Prominent amongst the latest batch of enhancements to Crickles is the introduction of user credentials: you now need a password to access the Navigator. The log-in screen looks something like this
On your first visit, you’ll only see the Username (Strava ID): field at first. The Strava ID that is needed is not the email address or Facebook ID that you use to log onto Strava but the number that Strava uses to key your data. In my case, for example, it’s 301194, as in the figure. To find your Strava ID, go to the Strava website and find “My Profile”. On the Strava website, it’s currently found in the pull-down menu next to your photo on the top right of the screen.
Once you have selected this, the top of the browser window will look like this:
You can see from the figure that the Strava ID (301194 in my case) is at the end of the URL in the address bar.
Once you enter your Strava ID, if you haven’t yet authorised Crickles to access your Strava data a link will appear where you can do this. Alternatively, you can do so at:
Then, if you haven’t got a password yet, hit the Request password button. A password will be emailed to you and it should arrive more or less instantly.
If you wish, once you’ve logged on you can create your own password. As well as being potentially more memorable, this is also more secure. Although the password generated by Crickles is encrypted, it has necessarily passed through email servers en route to you, unlike a password that you choose for yourself.

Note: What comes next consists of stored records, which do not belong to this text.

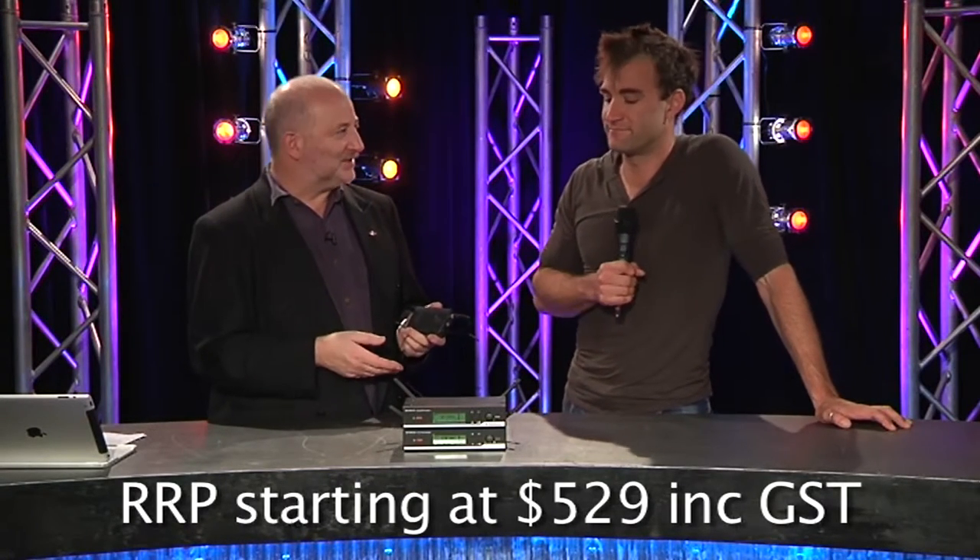That speaks quite clearly of the market this is aimed at — not only the ease of operation, but the price. The price is incredibly low. The unit I'm talking on is $529 retail RRP including GST. This is clearly aimed at people who wouldn't be spending big bucks on lots and lots of channels.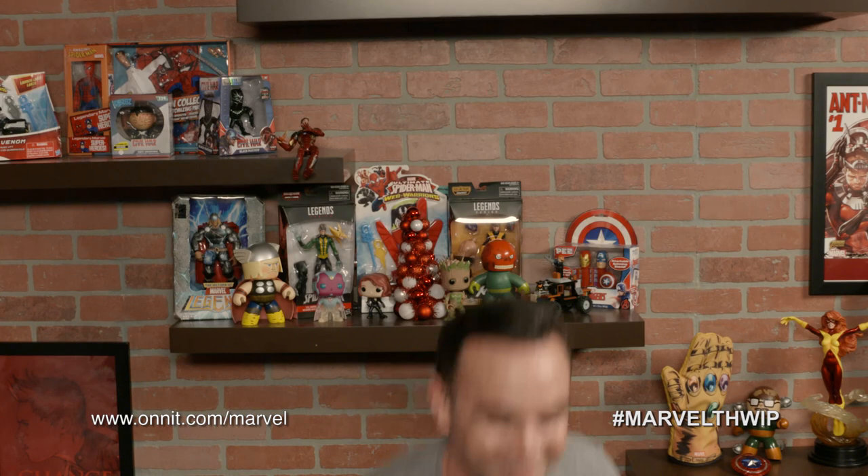Our next holiday gift is to lift. Joe is pumping iron with the Iron Man kettlebell. He's getting swole because it's 40 pounds of fully functional iron molded into Iron Man's iconic helmet — sure to make you an Iron Man as well. See more at online.com/marvel.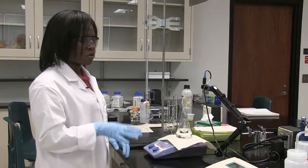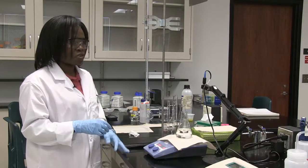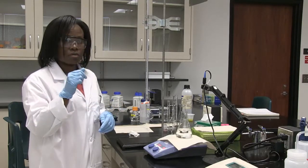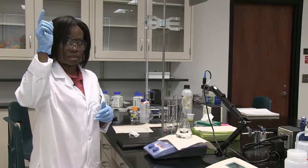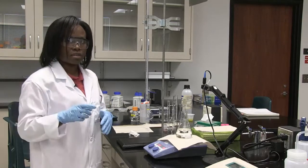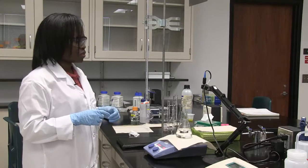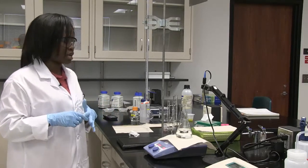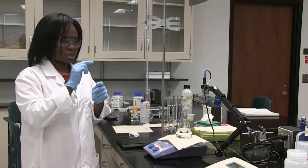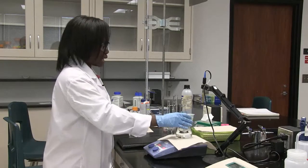The pH will continue to rise gradually until you reach a point where the buffer no longer functions normally. If you add a small amount of sodium hydroxide at that point, the pH will spike — moving from around 7 up to almost 10. You have to be careful to add only small amounts at a time, or you could miss the point where it spikes from the lower range to the higher range.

You change password using this screen:
You get to it by checking the Change password? checkbox in the side panel. If you’re on the screen and decide that you don’t want to create a new password, simply uncheck the box. Once you’ve changed the password you’ll need to re-enter it to log in.
After you have logged in you should not usually need to do so again on the same device. (If, though, you have disabled all cookies in your browser you’ll need to log in every time.) The way that credentials are shared between devices, and whether and how passwords are cached, will depend upon your device, your browser and your settings.
Significantly, no one can now see your data on Crickles without logging in as you. Your Strava Friends who are also on Crickles can compare various aggregate CSS measures and compare charts of activities that have not marked as Private on Strava, but the detailed information that you can see is now just your own.